Performance analysis of neural network-based unified physical layer for indoor hybrid LiFi–WiFi flying networks

The recent developments in unmanned aerial vehicles (UAVs) and indoor hybrid LiFi–WiFi networks (HLWNs) present a significant opportunity for creating low-cost, power-efficient, reliable, flexible, and ad-hoc HLWN-enabled indoor flying networks (IFNs). However, to efficiently operate and practically realize indoor HLWN, a unified physical layer (UniPHY) is indispensable for joint communication (control and data transfer) and sensing (e.g., localization). A UniPHY structure reduces costs and increases overall flexibility for HLWN-based IFNs. While conventional block-based wireless transceivers independently designed for LiFi and WiFi offer mediocre performance for a composite UniPHY waveform, a machine learning-based end-to-end learning framework for UniPHY can improve overall error performance and reduce the complexity of UAV transceiver hardware.
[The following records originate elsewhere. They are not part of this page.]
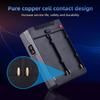 NP-F970 F750 F550 Battery Plate To V-Lock V-Mount Buckle Bracket Adapter with USB-A/ Type-C/ / D-TAP Outputs Np To V Mount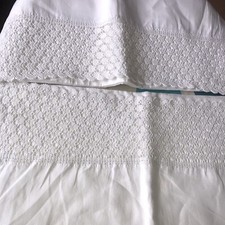 Pair vintage white for sale  USK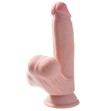 KING COCK - PLUS 3D DILDO SWINGING BALLS 15.2 CM LIGHT SKIN KING COCK - PLUS 3D DILDO SWINGING BALLS 15.2 CM LIGHT SKIN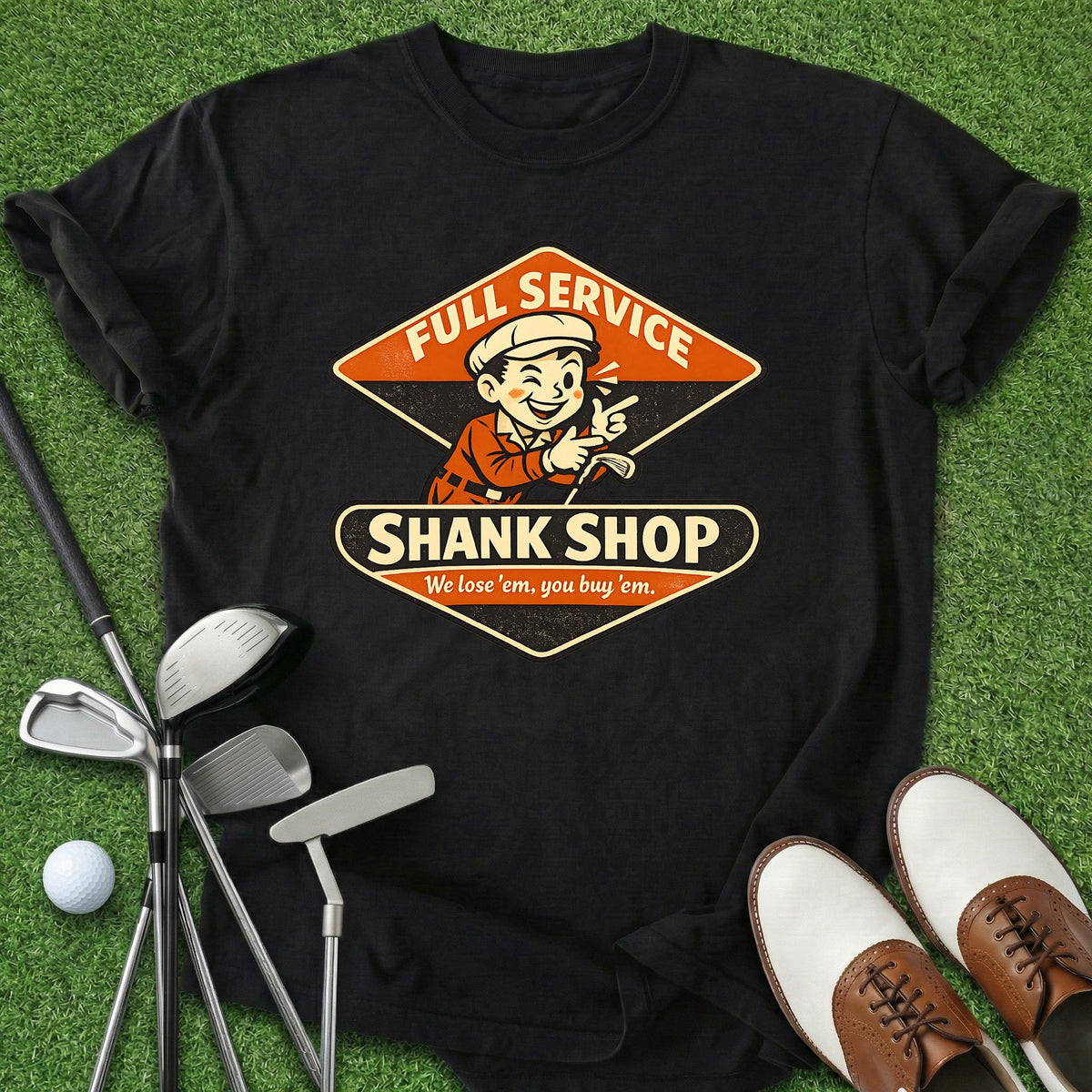 Shank Shop T-Shirt Gift For Golfer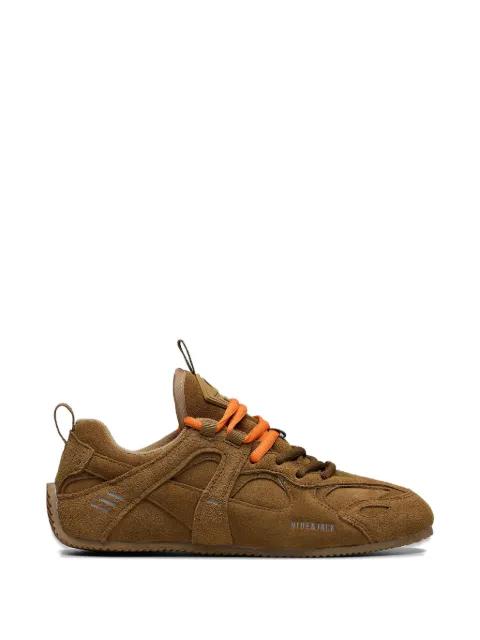 lace-up suede sneakers by HIDE&JACK
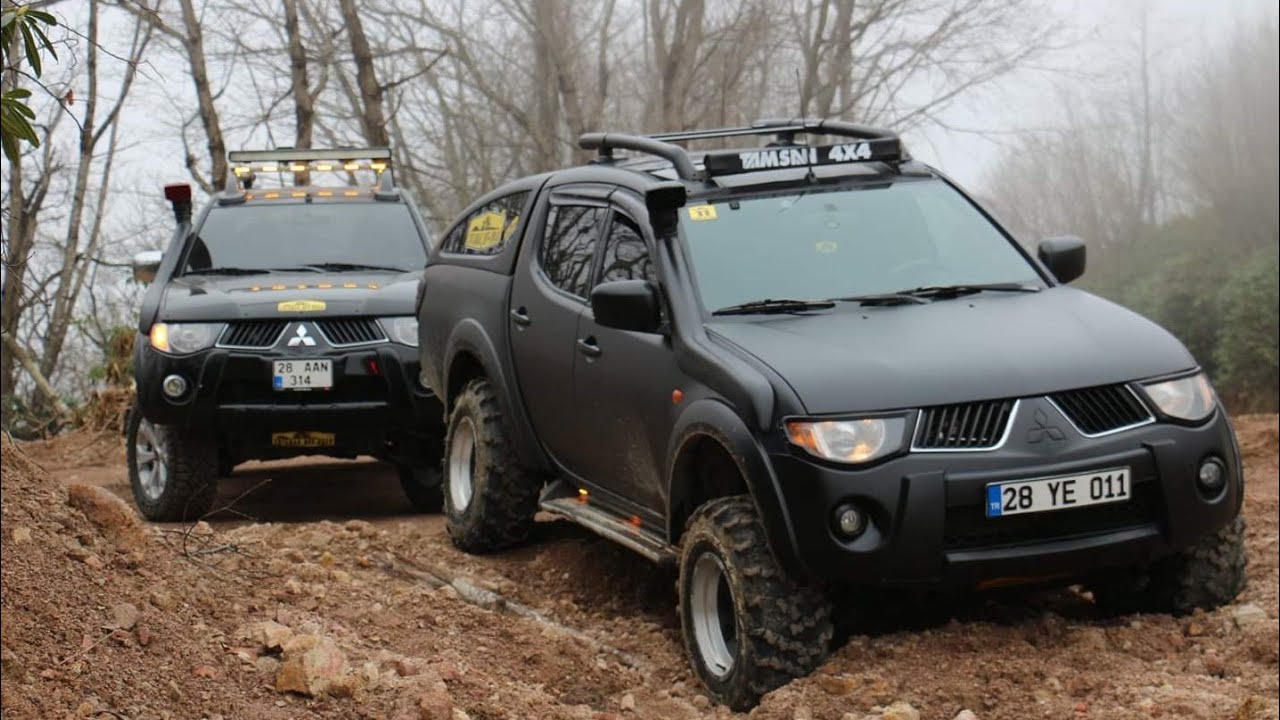Dacia Duster🔥Mitsubishi L200🔥Nissan Navara🔥Jeep Cherokee⛰ OFF ROAD 🇹🇷 TURKIYE BLACKSEA 🌰 Kent Ormanı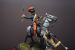 Side 11th Mounted Hussar and Russian gunner in combat, during the Charge of the Light Brigade, Crimean War 1854 a 90mm figure fine scale model kit produced by Hawk Miniatures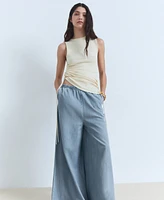Mango Women's Lyocell Palazzo Pants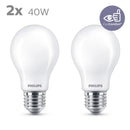 Philips LED Lampadina Goccia, 2 pz, 4.5W, Attacco E27, Luce Bianca Calda Philips
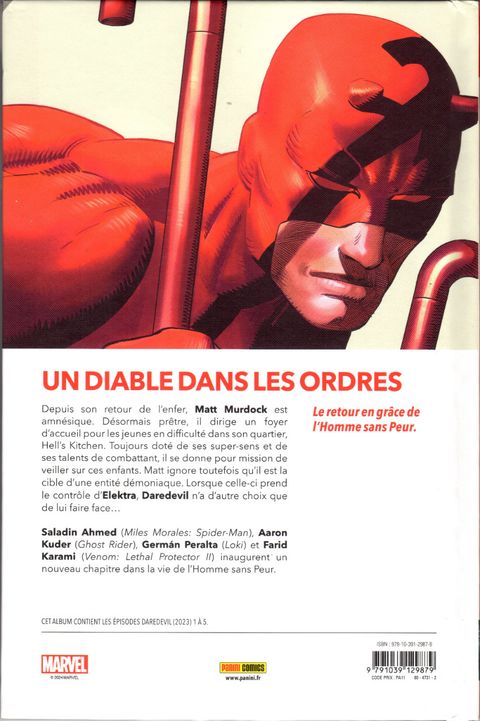 Aperçu de l'album Daredevil (2023) tome 1 - Rites d'initiation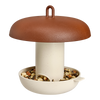 Organic voedersilo bruin zijaanzicht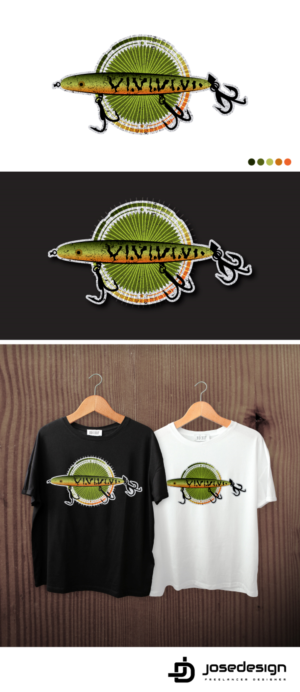 Artistic Rendition of an Exotic Fishing Lure | Diseño de Camiseta por JoseDesign
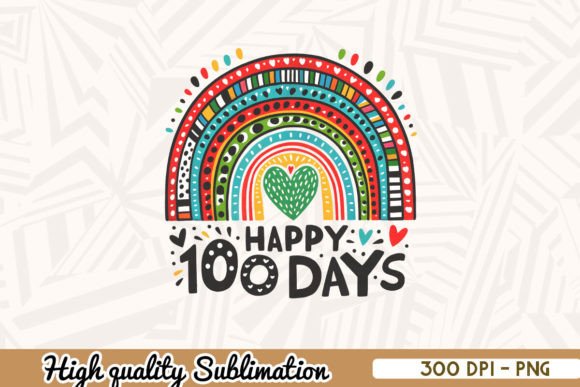 Happy 100 Days of School PNG for Crafts and Graphics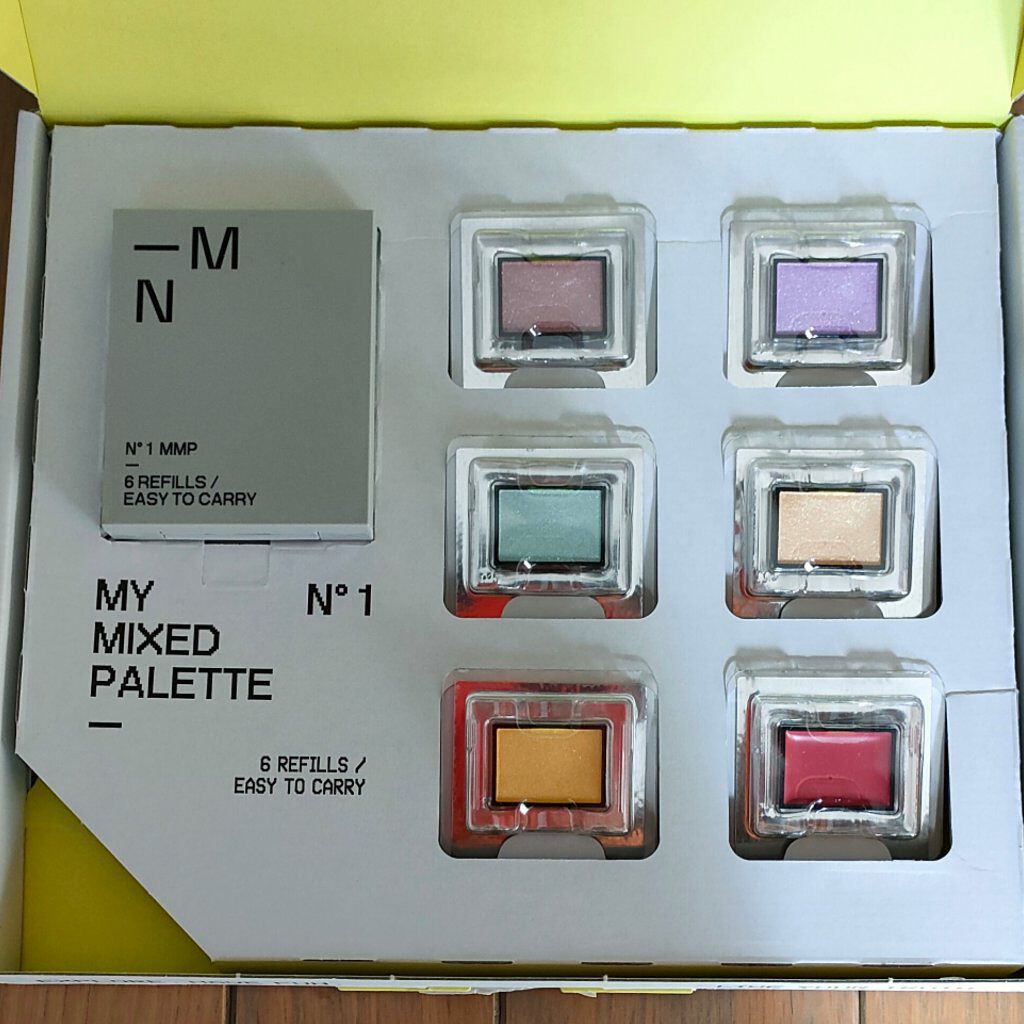 MY MIXED PALETTE 6色カスタムパレット 10 RHAPSODY/MN/マルチパレットを使ったクチコミ（1枚目）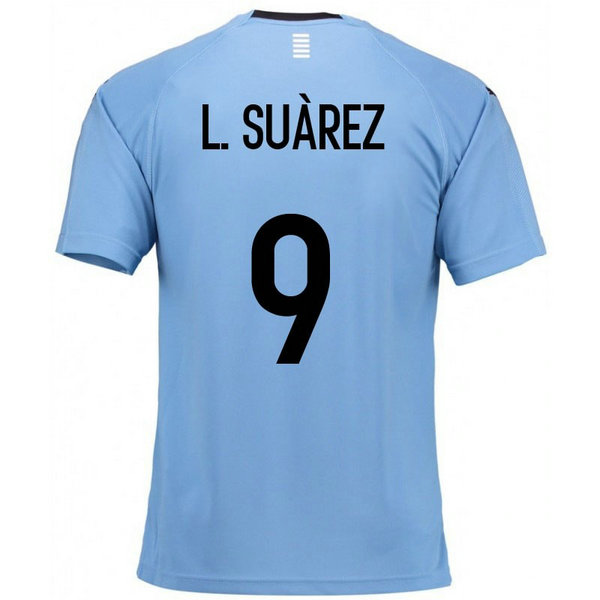 2018 2019 Homme Maillot Uruguay SUAREZ Coupe du Monde Domicile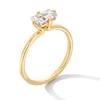 Thumbnail Image 3 of 1 CT. Emerald-Cut Certified Lab-Grown Diamond Sideways Solitaire Engagement Ring in 14K Gold (F/VS2)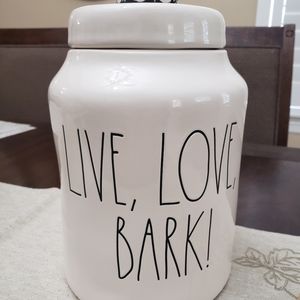 Rae Dunn doggy treats jar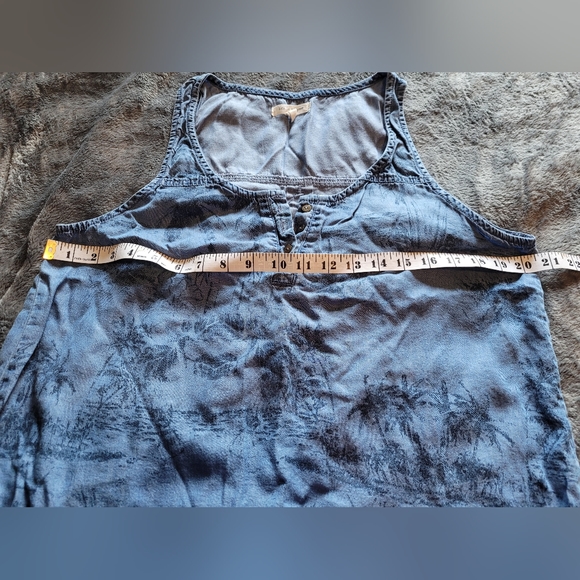 Life in Progress denim tank top. Size medium. - Picture 4 of 5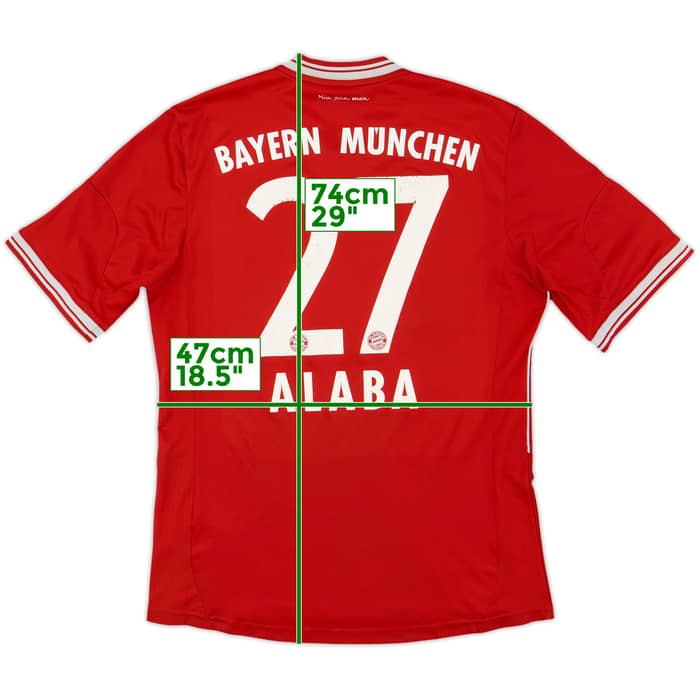 2013-14 Bayern Munich Home Shirt Alaba #27 - 4/10 - (M)
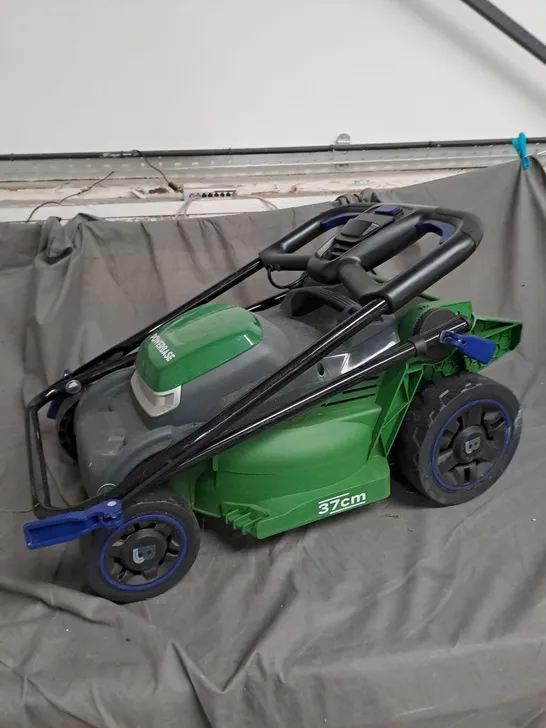 UNBOXED POWERBASE 37CM 40V CORDLESS LAWN MOWER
Therefore, this paper proposes a novel generic end-to-end learning framework for a UniPHY system that can efficiently enable HLWN. The performance of the proposed learning framework based on deep neural networks (DNNs) and convolutional neural networks (CNNs) is investigated. Additionally, we assess the computational complexity of the proposed DNN and CNN learning frameworks. The results demonstrate that the performance of DNNs and CNNs varies depending on the considered channel model. Specifically, the analysis reveals that CNNs outperform traditional DNNs in WiFi (Rayleigh fading-based) channels. In contrast, traditional DNNs perform better than CNNs in LiFi (additive white Gaussian noise (AWGN)-based) channels.